No digo que el dolor haga falta para ganar méritos y lograr el
reino de los cielos, digo que el dolor propio es una fuente de energía
que nos empuja a la creación. Digo que el dolor nos informa de la
realidad que vivimos y que tenemos que superar. Digo que el dolor nos
habla de las creencias que nos condicionan, pero que también nos dan
sentido. Digo que el dolor nos informa de las injusticias que cometemos y
que padecemos. Digo que el dolor manifiesta aquellos gritos del alma
que no queremos escuchar. El dolor no es fealdad ni despropósito, el
dolor es uno de los medios para encontrar el sentido.
Hay que valorar la presencia del dolor como sensibilidad propia,
como efecto de nuestra capacidad de amor, como consecuencia de la
empatía que tenemos con todo lo que nos rodea y con todos los que nos
rodean; el dolor como impulso para la solidaridad, como razón para la
acción social que no siempre tiene que ser acción experta o de
profesionales. Porque al que vive el dolor y sabe que es un síntoma que
anuncia la posibilidad de muerte (del tipo que sea), no le consuelan las
explicaciones técnicas de los expertos, le confortan la solidaridad
humana, la compañía cercana, la mano amiga.
Perder el sentido del dolor es perder un radar poderoso cuya
incómoda presencia nos empuja a tratar de encontrar respuestas a la
pregunta que nos provoca: ¿por qué esta realidad está siendo así? Esta
cualidad humana impide que nos perdamos eternamente en el universo de lo
fácil, de lo pueril, de la mentira, de lo falso, de lo aparente, de la
muerte sin sentido de lo físico, y sobre todo de la desconexión con el
aliento que mantiene la vida.
Experiencia individual
El dolor es también una experiencia individual, nadie vive el
dolor de la misma manera, aunque las vivencias o las circunstancias sean
las mismas.
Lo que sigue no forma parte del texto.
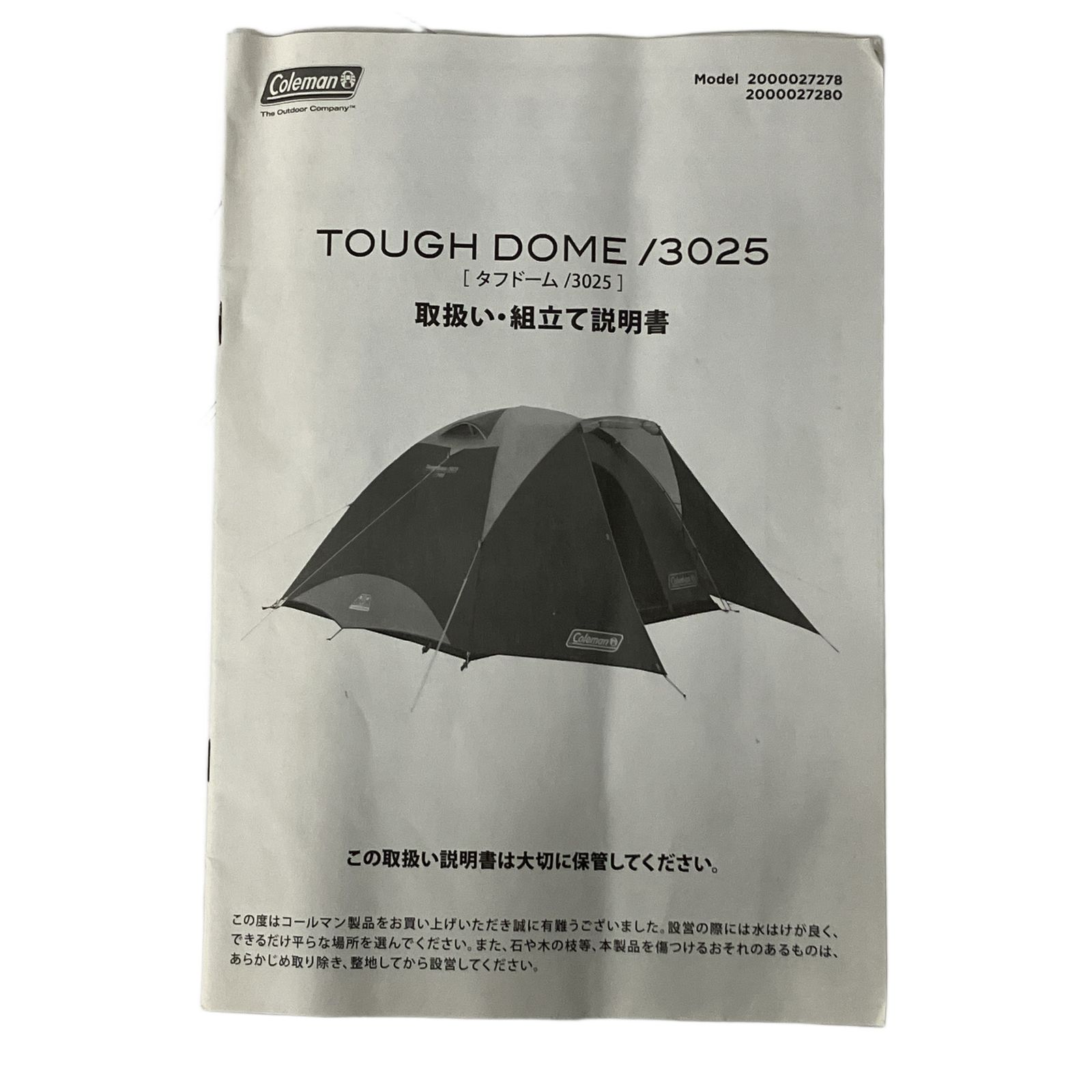 Coleman コールマン タフドーム 3025 グリーン テント 4-5人用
Cuando se pretende vivir el dolor ajeno, se le arrebata al
otro la oportunidad de fortalecimiento y maduración personal que el
dolor le produce.
No hablo del que provoca dolor al otro: esa responsabilidad ha de
ser perseguida por la justicia humana. Hablo del que va al duelo y tiene
que ser consolado por los deudos del fallecido, porque se busca
protagonismo gracias a ese dolor. Es el que hace caridad ante las
cámaras, la prensa o ante el mismísimo Dios para conseguir mayor ratio
de gloria terrena y celestial.
Hablo de las aparentes muestras de conmoción de los
administradores políticos frente a una previsible catástrofe, cuando la
visión de sus consecuencias no le llevan a preguntarse ¿qué hice yo para
evitar que esto sucediera? O ¿cuánta responsabilidad tengo en el dolor
de estas gentes? Llevándoles estas preguntas a actuar en consecuencia.